▸ Exercise directions:
Repeat each line of the material below exactly as it appears, minus any pictures.

▸ Stored data:
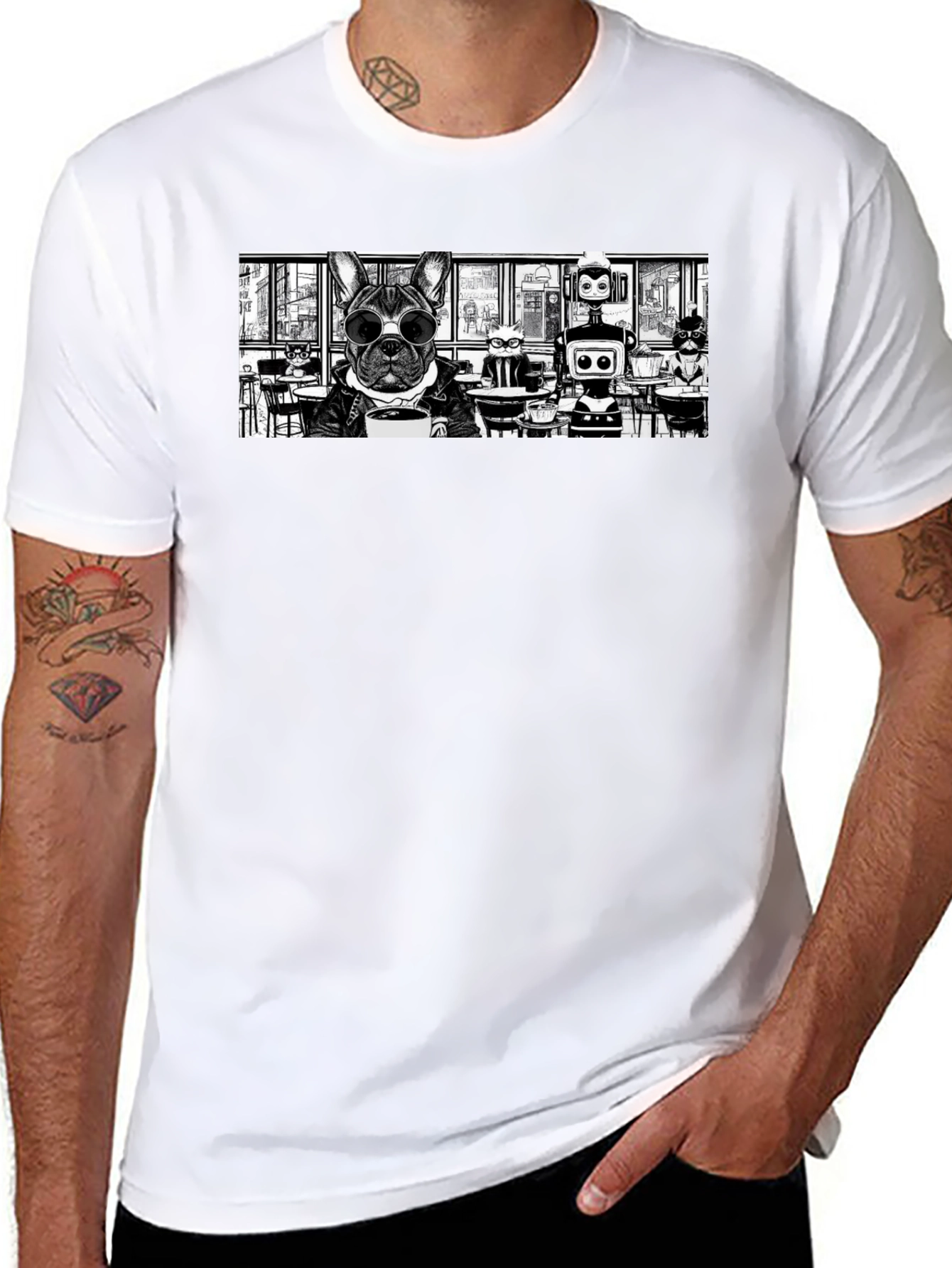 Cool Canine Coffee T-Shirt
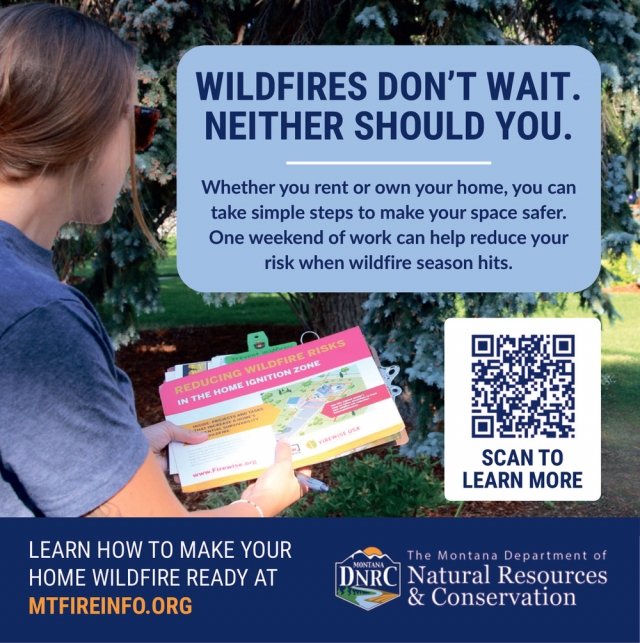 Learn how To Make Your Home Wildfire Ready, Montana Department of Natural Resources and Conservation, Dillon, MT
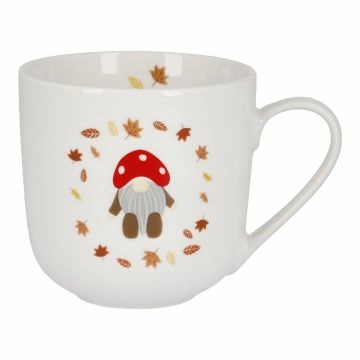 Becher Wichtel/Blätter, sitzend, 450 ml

▸ Response area:
 Cool Canine Coffee T-Shirt
 Learn how To Make Your Home Wildfire Ready, Montana Department of Natural Resources and Conservation, Dillon, MT
 Becher Wichtel/Blätter, sitzend, 450 ml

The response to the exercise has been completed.